Just like in Tromsø, Scandinavia’s other big dog-sledding hub, husky tours in Kiruna can be expensive.
A half-day tour that allows you to drive the dogs yourself usually starts are around 2000 SEK (approx 200 USD) per person.
However, there are also more affordable options available, such as shorter tours where you get to meet the dogs and experience a shorter sled ride, usually just as a passenger rather than a ‘musher’.
So, is it worth the money?
Kiruna’s dog sled tours certainly ain’t cheap but for most visitors this is a once-in-a-lifetime experience that is definitely worth the cost.
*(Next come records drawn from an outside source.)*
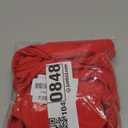 geluboao Bikini Set for Women Solid V Neck Knot Front Push Up High Leg Thong Two Piece Swimsuit (Small, Red)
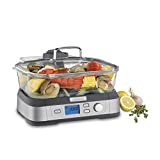 Cuisinart STM-1000 Cook Fresh Digital Glass Steamer, One Size, Stainless Steel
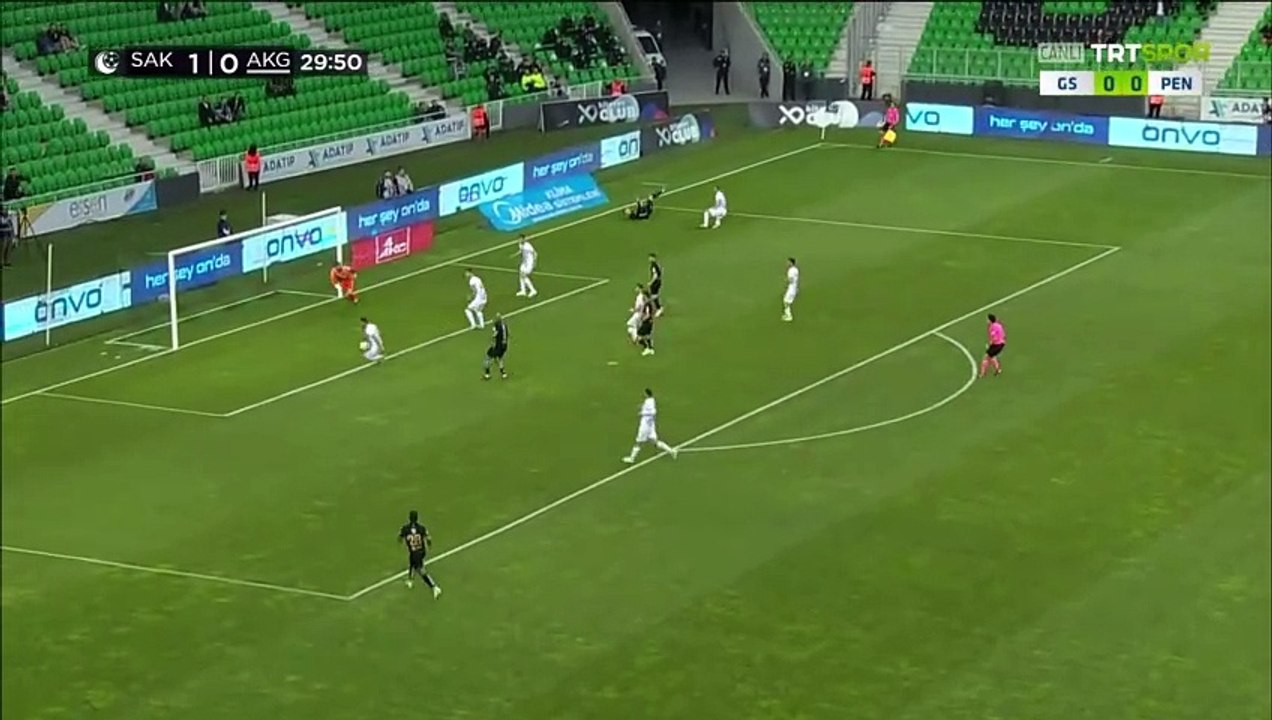 Sakaryaspor-Ankara Keçiörengücü Maçından Dino'nun Ofsayt Sebebiyle Sayılmayan Golü #sakaryaspor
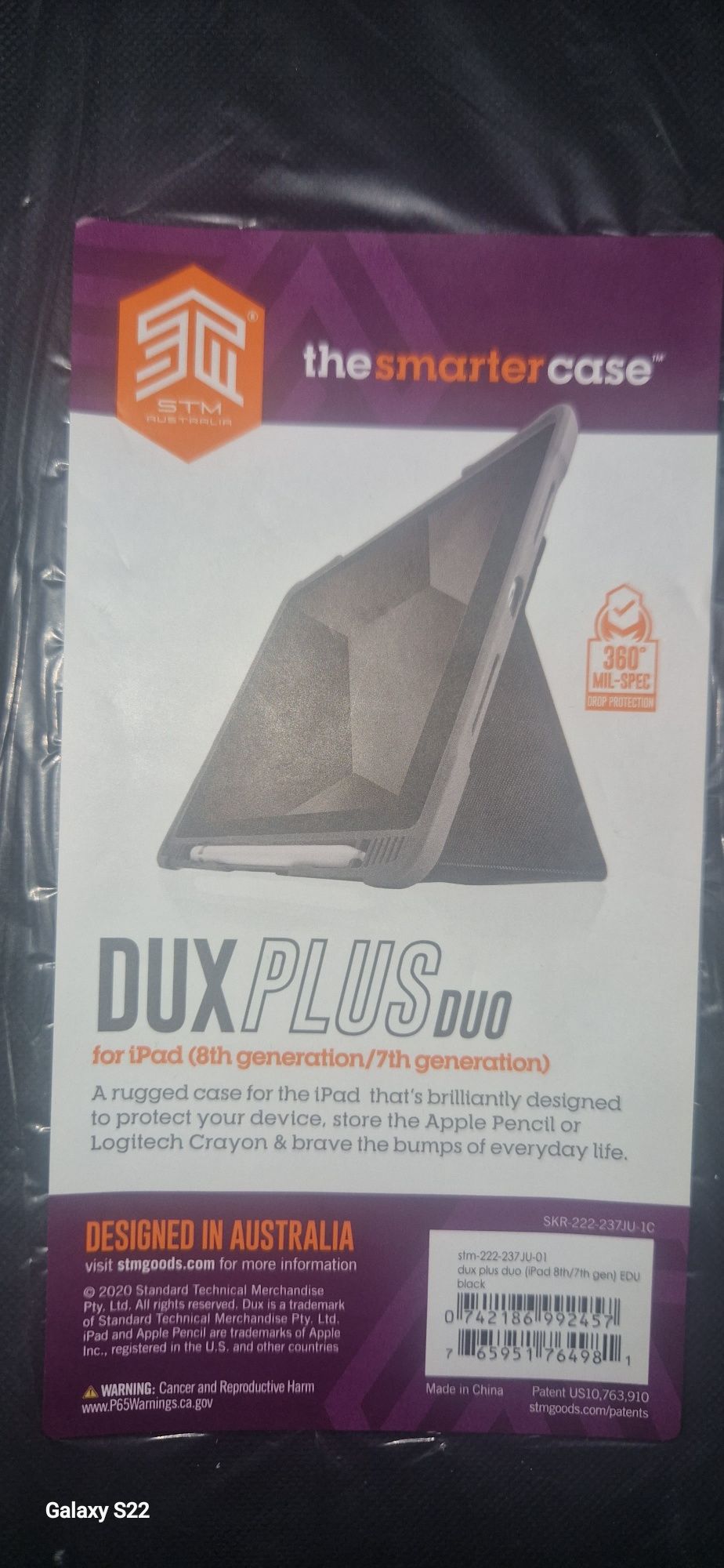 Etui STM Dux Plus Duo Apple iPad 10.2 2019/2020/2021 (7., 8. i 9. gene
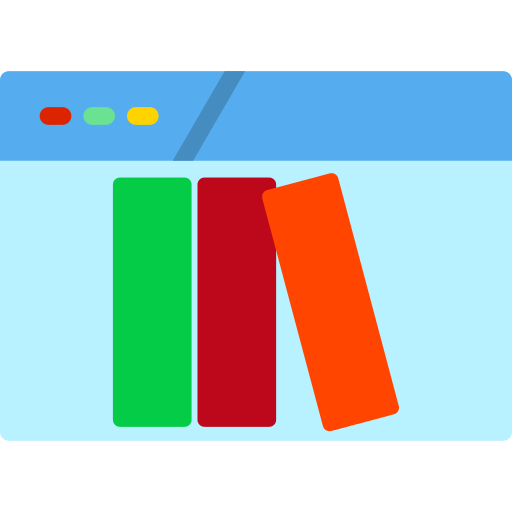 online bibliotheek Generic Flat icoon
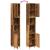 Dulap de baie, lemn vechi, 30x30x190 cm, lemn prelucrat GartenMobel Dekor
Not only do you get to experience the thrill of dog-sledding through magical scenery, but there’s also a good chance you’ll be able to combine the tour with other bucket list activities like seeing the northern lights. Some tours like this one actually combine dog sledding with aurora spotting!
4 of the best dog sledding tours in Kiruna
Having a hard time deciding which dog sled tour to book? Here are four of our favourites, including morning, afternoon and evening sessions that each offer something totally unique.
See the northern lights from your dog sled
Setting out from Kiruna in the evening, this epic northern lights tour is something truly special.
After getting to know the dogs, you’ll learn how to steer your own sled through the darkness (don’t worry, the snow brightens things up a lot more than you’d expect).
Because it’s dark, you’ll have a very good chance of seeing the northern lights on clear nights – and whatever happens, you’ll wrap up the tour with a hot drink around the campfire and some traditional Swedish fika.
Start the day with dog sledding
Early riser? This self-drive tour might be just what you need.
Heading out in the morning, you’ll have a full five hours to practice mushing. Along the way, you’ll stop for hot soup and sandwiches in a Nordic tipi. There’s even a chance you’ll spot some of the local wildlife – from elk and reindeer to arctic hares.
Not a bad start to the day, and you’ll be back in town in plenty of time for a lazy afternoon and dinner.
Sled into the sunset
For a mix of day and night sledding, try this option instead.
Departing from Kiruna in the afternoon, it’s a slightly shorter tour than the morning version mentioned above.
There’s less chance of seeing wildlife, but you’ll get to experience the wilderness in the daylight and then see the sun set over the snowy horizon. Of course, once it’s dark, there’s the potential for some aurora-spotting too!
Head far beyond the city
With free, early morning pick ups from lots of handy hotels in downtown Kiruna, including Camp Ripan and Scandic Ferrum, this sunrise husky tour actually gets going around 17km outside of town.
The sleds on this tour seat up to 4 people at once, making it a good option for families or small groups who aren’t too worried about driving the sled themselves, and just want to enjoy the experience.
Frequently asked questions
Still not sure whether to book your tour? These questions and answers should help!
Is dog-sledding a traditionally Swedish thing?
Some tourism websites claim that the Sami people, the region’s indigenous people, have a long tradition of using sled dogs for transportation and hunting. This isn’t true (Sami people traditionally used reindeer, not sled dogs) and dog sled tours were first imported in the 1980s to try and bring more tourists to the area.
Is dog-sledding cruel in Sweden?
Dog sled tours aren’t actually that controversial in Sweden, at least from an animal welfare standpoint.
All of the companies that offer dog-sledding tours in Kiruna are held to high standards of animal welfare, and normally you can find information about their policies and commitments on their individual websites.
In our experience, Swedish sled dogs seem genuinely happy, at least once they are out on the ice and snow. But of course, there’s still a wider question about the ethics of using huskies for entertainment, so it’s important to do your own research and make an informed decision.
What should you bring on a dog-sledding tour in Kiruna?
When preparing for a dog-sledding tour in Kiruna, it’s important to dress warmly and bring appropriate gear for the cold weather. You’ll need warm clothing, including a hat, gloves, and sturdy boots. It’s also a good idea to bring a camera to capture the stunning scenery, as well as some decent filling snacks to keep you going during the tour.